LAWS(BOM)-1955-11-4

RAMCHANDRA DATTATRAYA Vs. VAIDHYACHAND MANIKCHAND

Decided On November 22, 1955
RAMCHANDRA DATTATRAYA Appellant
V/S
VAIDHYACHAND MANIKCHAND Respondents

JUDGEMENT

(1.) THIS is a revisional application by the receiver in Insolvency and it has been preferred against the decree passed by the learned District Judge substantially reducing his claim against the Opponents. The Receiver in Insolvency claimed Rs. 3,400/- and odd by way of rent for the premises let out to the Opponents. This claim was resisted by the Opponents on several grounds. The learned trial Judge rejected all the grounds raised by the Opponents and passed a decree for the full amount claimed by the receiver. When the matter went in appeal, the lower appellate Court has accepted some of the arguments urged before him by the Opponents and has reduced the decretal claim to Rs. 847-6-9. It is this order which has given rise to the present revisional application.

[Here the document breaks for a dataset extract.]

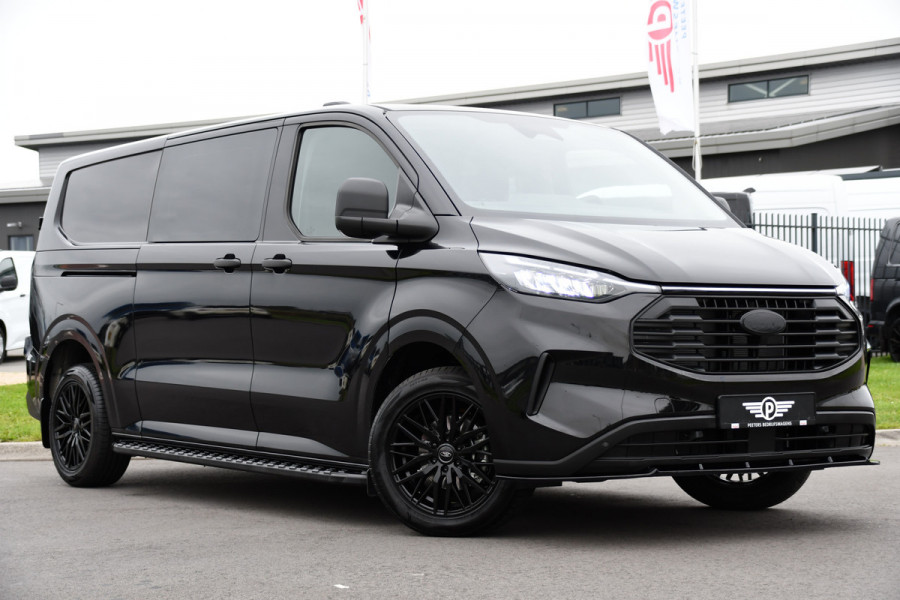 Ford Transit Custom 320 2.0 TDCI L2H1 DC Black Edition Camera, Cruise, Automaat, Stoelverwarming, Trekhaak, 2 x Schuifdeur, Carplay, Multimedia, 136PK, Leverbaar!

(2.) THE whole of the dispute centres round two points. It is common ground that three premises were let out by the insolvent to the Opponents on 31-3-1948. They were a showroom, an open space and two rooms in the rear; and their monthly rents respectively were Rs. 160/-, Rs. 70a and Rs. 40/ -. On 8-4-1948 the tenant deposited Rs. 2,100/- with the insolvent landlord. The deposit receipt provided, amongst other things, that if the tenants did not pay the rent regularly, the landlord would be entitled to appropriate the requisite amount from the deposit, and, if the tenants vacated the premises, the balance would be returned to him. The first point which has been raised before me by Mr. Joshi is in respect of this appropriation. The lower appellate Court has held that the tenants were entitled to insist upon the appropriation of the whole of the amount due in respect of all the three premises and this plea has substantially been upheld by the lower Appellate Court. One of the reasons given by the learned Judge In accepting this plea was based on the provisions of Section 18, Sub-section (2) of the Rent Act. Mr. Chandra- chud for the tenants has fairly conceded that this part of the judgment cannot be supported. It is now held by this Court that more than six months' rent cannot be appropriated under the provisions of Section 18 (2 ).

(3.) THE lower Appellate Court has then relied upon the deposit receipt itself and he has found that by virtue of this specific contract between the parties the tenants were entitled to call upon the landlord to make adequate appropriations from the amount of the deposit and this plea has also been accepted by the lower appellate Court. Mr. Joshi quarrels with the finding of the lower appellate Court on this point on two grounds. He contends that the claim made by the tenants in effect is a claim for set-off, and, according to Mr. Joshi, such a claim cannot be made and entertained by the insolvency Court without the proof of the debt. In support of this argument, Mr. Joshi relies upon the provisions of Section 28, Sub-section (2) of the Provincial Insolvency Act. Mr. Chandrachud resists this plea and contends that Section 28, Sub-section (2) cannot apply to the claim for set-off be- , cause, according to him, a claim for set-off made by the tenants in present suit cannot be regarded as a commencement of legal proceedings to recover a debt. I do not propose to decide this point in the present revisional application because I am disposed to think that the petitioner is not entitled to raise this point for the first time in a revisional application. It is, true, as Mr. Joshi points out, that both the parties were at issue on the question as to whether a claim for set-oil can be made. But the contest centred round Section 18 (2) of the Rent Act and the construction of the document. The additional argument on which Mr. Joshi seeks to challenge the order passed by the lower appellate Court was never put in issue and the Courts below have not been called upon to consider whether the tenants have in fact proved their "debt or not. There is considerable force in the argument urged before me by Mr. Chandrachud that if this specific point had been taken by the receiver in the trial Court the tenants would have asked for leave to claim a set off on the assumption that Section 28 (2) applied to such a claim. Therefore, I do not propose to entertain this new point taken by Mr. Joshi before me.